(Material to process)
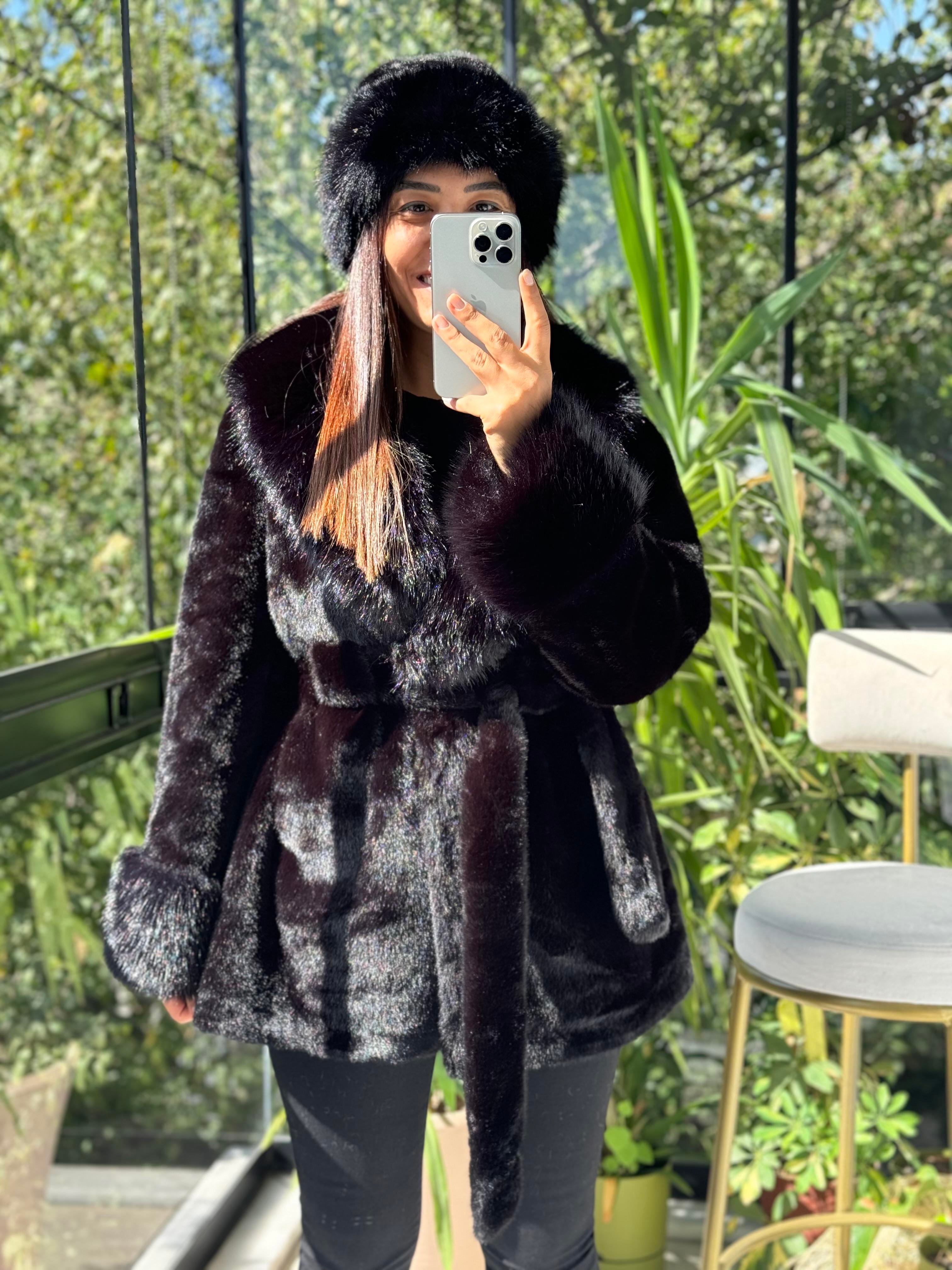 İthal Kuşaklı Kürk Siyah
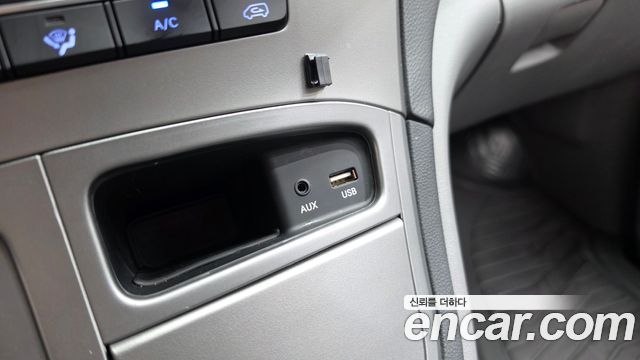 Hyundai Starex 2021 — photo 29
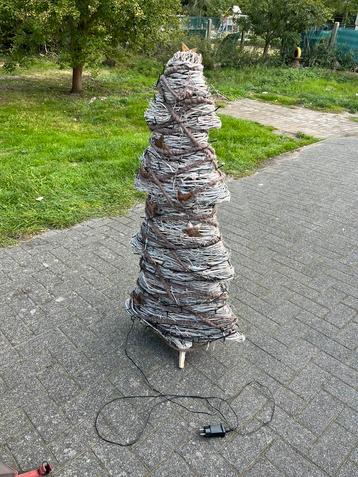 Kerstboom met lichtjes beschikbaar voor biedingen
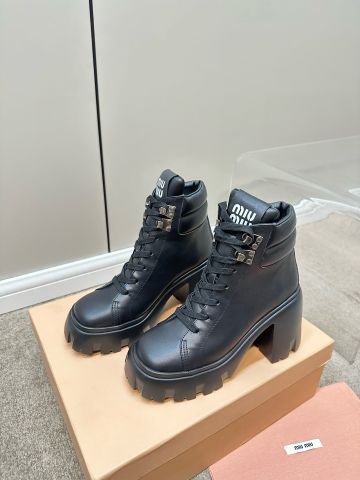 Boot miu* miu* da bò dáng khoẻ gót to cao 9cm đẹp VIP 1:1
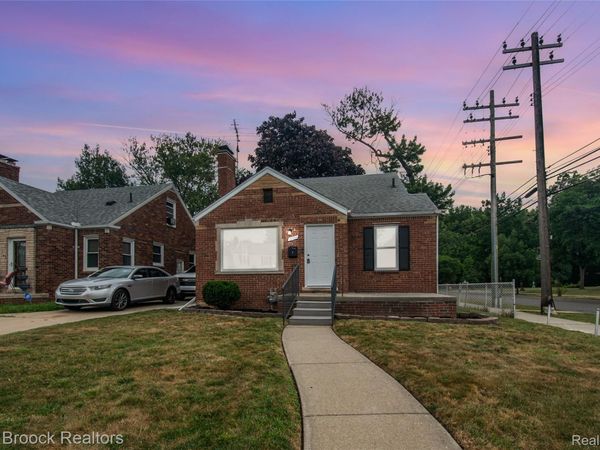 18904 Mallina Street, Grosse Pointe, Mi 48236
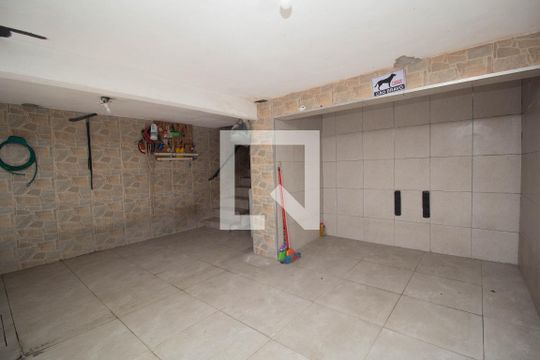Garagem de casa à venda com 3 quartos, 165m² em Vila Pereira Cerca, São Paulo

(To do) Pictures must not appear in the copy, and every record must be restated word for word.

(Problem solution)
 İthal Kuşaklı Kürk Siyah
 Hyundai Starex 2021 — photo 29
 Kerstboom met lichtjes beschikbaar voor biedingen
 Boot miu* miu* da bò dáng khoẻ gót to cao 9cm đẹp VIP 1:1
 18904 Mallina Street, Grosse Pointe, Mi 48236
Garagem de casa à venda com 3 quartos, 165m² em Vila Pereira Cerca, São Paulo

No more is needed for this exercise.